──────── PROVIDED INFORMATION ────────

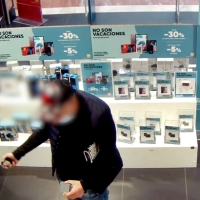 Detenidos por robar en un centro comercial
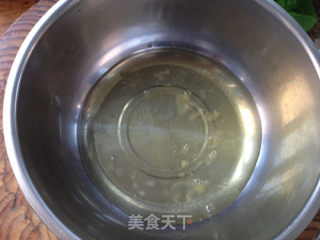 8寸戚风蛋糕的做法步骤：1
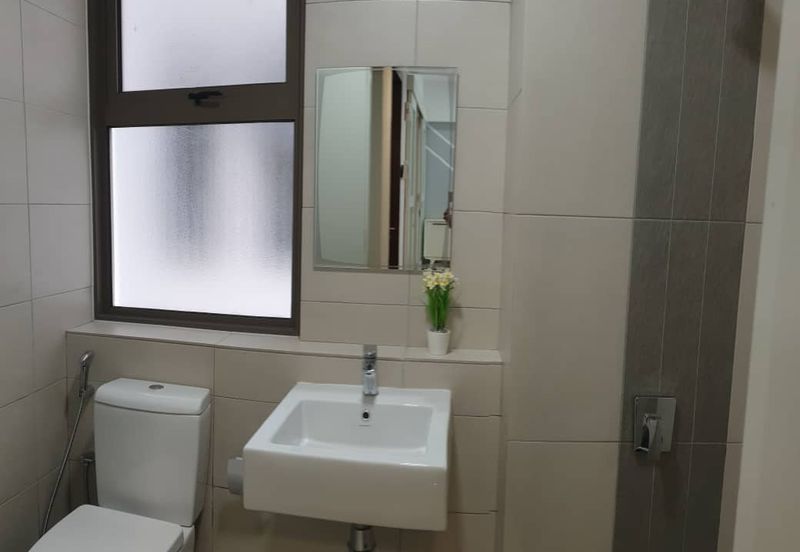 Lake Point Residence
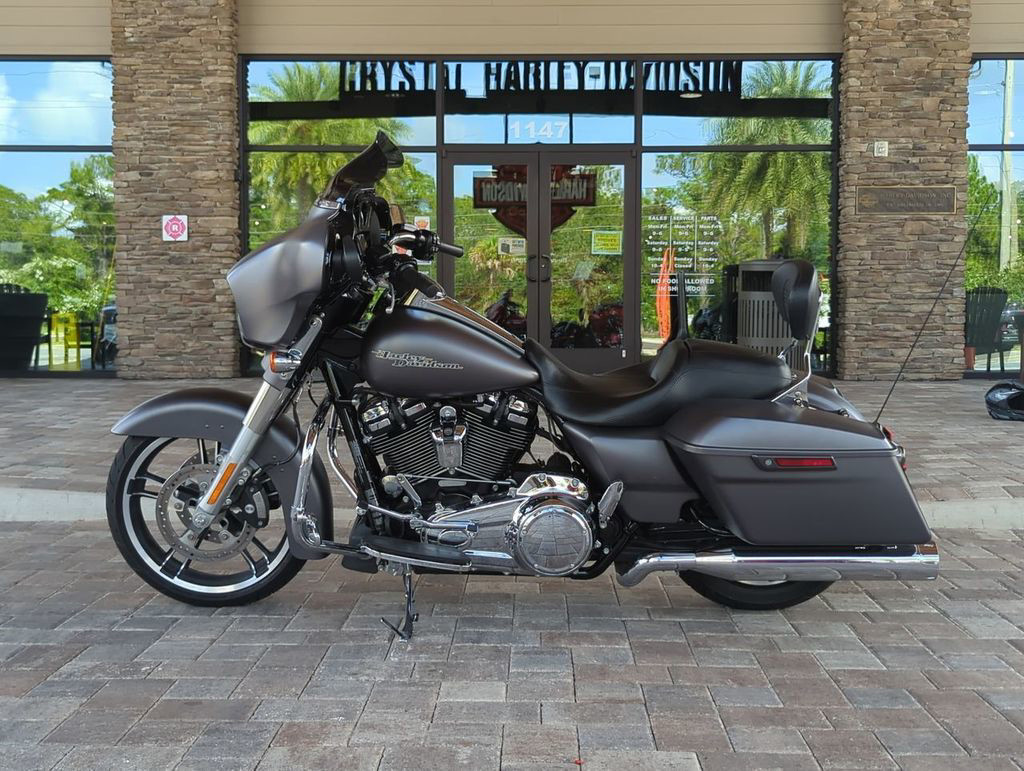Street Glide® Special
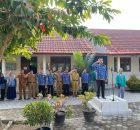 Guru SMAN 2 Natar sedang upacara bendera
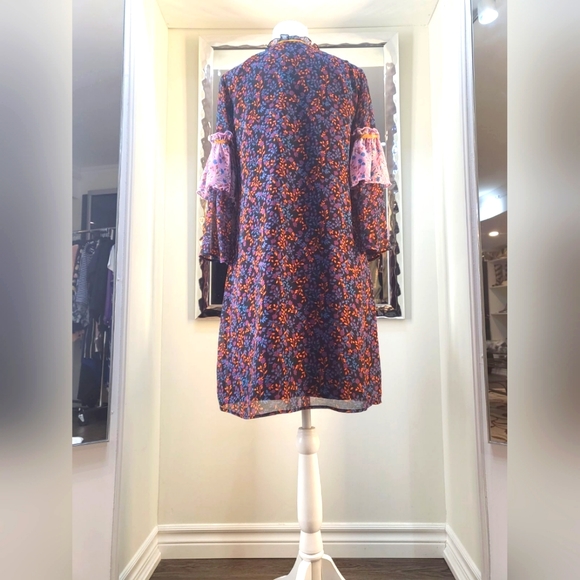 Anna Sui - Picture 3 of 3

────────

Extract, word for word, every line from the one holding "8寸戚风蛋糕的做法步骤：1" through the closing line of the data above. Do not include any pictures.

__OUTPUT OF THE EXERCISE__
 8寸戚风蛋糕的做法步骤：1
 Lake Point Residence
Street Glide® Special
 Guru SMAN 2 Natar sedang upacara bendera
 Anna Sui - Picture 3 of 3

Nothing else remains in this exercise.